Biden administration to press Taiwan to resolve auto chip shortage

Biden administration officials have called an ad-hoc meeting next week with Taiwan government and industry officials, during which they’re expected to pressure Taiwan Semiconductor Manufacturing Co. and its peers to ramp up the supply of vital chips to American automakers.

The virtual conference scheduled for Thursday would be the most high-profile meeting between newly appointed Biden administration officials and their counterparts from Taipei. Deputy Assistant Secretary of State Matt Murray and Acting Deputy Assistant Secretary of Commerce Richard Steffens are scheduled to confer with Taiwan Minister of Economic Affairs Wang Mei-hua, people familiar with the matter said. Executives from the island’s largest chipmakers including TSMC and MediaTek Inc. will also attend a discussion centered on resolving a global shortage of auto chips, they said.

The meeting is intended to forge closer ties between the two sides, the ministry said in a statement to Bloomberg News, without elaborating on the agenda or final attendance list. Chinese Foreign Ministry spokesman Zhao Lijian told a regular news briefing Friday he wasn’t aware of the meeting, but reiterated that Beijing “opposes official interactions between the U.S. and China’s Taiwan region.”

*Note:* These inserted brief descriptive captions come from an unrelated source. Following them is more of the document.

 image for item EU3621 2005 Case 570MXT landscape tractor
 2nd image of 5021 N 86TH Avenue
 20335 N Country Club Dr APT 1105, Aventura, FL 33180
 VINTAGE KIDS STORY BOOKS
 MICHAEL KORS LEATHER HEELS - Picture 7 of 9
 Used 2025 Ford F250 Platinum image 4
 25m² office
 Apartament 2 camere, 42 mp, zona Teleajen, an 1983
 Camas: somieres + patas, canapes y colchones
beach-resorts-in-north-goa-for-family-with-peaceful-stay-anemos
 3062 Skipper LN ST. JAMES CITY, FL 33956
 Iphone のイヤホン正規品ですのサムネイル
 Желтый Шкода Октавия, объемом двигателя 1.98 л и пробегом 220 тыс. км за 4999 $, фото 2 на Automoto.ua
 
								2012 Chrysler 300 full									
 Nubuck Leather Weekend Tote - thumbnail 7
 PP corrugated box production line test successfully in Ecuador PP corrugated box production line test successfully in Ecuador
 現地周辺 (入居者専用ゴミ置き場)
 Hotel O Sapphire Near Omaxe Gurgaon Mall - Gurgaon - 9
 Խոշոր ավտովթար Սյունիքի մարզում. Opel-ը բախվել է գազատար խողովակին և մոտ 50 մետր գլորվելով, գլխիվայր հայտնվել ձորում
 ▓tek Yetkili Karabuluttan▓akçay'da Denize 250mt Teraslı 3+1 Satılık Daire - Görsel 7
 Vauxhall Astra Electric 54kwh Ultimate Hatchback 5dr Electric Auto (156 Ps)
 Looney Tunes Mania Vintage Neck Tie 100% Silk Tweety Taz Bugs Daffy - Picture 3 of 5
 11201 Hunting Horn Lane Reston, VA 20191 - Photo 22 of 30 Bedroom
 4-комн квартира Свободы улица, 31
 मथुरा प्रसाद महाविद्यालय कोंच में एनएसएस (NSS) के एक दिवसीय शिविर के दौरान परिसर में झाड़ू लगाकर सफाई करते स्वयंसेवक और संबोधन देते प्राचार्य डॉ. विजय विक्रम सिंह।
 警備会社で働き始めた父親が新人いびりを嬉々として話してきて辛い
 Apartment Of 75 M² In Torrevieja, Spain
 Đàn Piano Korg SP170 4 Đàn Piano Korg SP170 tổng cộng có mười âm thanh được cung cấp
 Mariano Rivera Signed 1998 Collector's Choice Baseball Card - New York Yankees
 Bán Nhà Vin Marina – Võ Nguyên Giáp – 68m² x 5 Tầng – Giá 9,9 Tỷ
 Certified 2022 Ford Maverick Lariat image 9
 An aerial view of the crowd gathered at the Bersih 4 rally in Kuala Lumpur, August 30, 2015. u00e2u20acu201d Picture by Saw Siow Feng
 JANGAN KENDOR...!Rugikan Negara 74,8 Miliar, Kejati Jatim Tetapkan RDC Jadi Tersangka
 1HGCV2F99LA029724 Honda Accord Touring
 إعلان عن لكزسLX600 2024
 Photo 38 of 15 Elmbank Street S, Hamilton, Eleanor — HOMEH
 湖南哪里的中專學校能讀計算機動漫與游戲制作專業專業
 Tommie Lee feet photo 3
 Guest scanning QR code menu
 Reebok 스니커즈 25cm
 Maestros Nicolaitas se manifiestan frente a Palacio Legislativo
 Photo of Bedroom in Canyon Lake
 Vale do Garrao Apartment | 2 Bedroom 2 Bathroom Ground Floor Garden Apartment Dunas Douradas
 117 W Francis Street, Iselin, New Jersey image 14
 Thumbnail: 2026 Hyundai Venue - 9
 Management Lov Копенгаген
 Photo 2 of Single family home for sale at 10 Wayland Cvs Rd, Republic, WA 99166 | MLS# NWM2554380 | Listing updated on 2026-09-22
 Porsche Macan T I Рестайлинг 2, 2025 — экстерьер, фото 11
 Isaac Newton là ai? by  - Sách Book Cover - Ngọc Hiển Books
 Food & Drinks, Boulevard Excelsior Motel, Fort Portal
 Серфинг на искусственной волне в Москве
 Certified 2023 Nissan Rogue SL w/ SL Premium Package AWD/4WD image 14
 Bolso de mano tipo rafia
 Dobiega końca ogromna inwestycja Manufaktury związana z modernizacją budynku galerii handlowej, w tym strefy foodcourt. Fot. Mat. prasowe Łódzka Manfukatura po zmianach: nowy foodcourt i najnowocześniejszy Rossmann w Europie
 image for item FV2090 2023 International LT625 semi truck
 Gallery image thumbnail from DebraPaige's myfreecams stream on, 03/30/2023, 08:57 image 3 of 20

Global automakers such as General Motors, Ford Motor Co. and Volkswagen Group face potentially $61 billion of lost revenue for the year because they can’t secure enough of the chips that go into a plethora of vehicle parts. TSMC and other Taiwanese companies are among the world’s most sophisticated chipmakers and produce a significant portion of the semiconductors for everything from cars to laptops.

This week, TSMC vowed to reallocate capacity to support the global automotive industry. Some industry observers say the shortage stemmed from near-sighted planning and under-estimation of a post-COVID rebound in automobile demand, while others argue chipmakers are prioritizing higher-volume and more lucrative consumer electronics such as smartphones.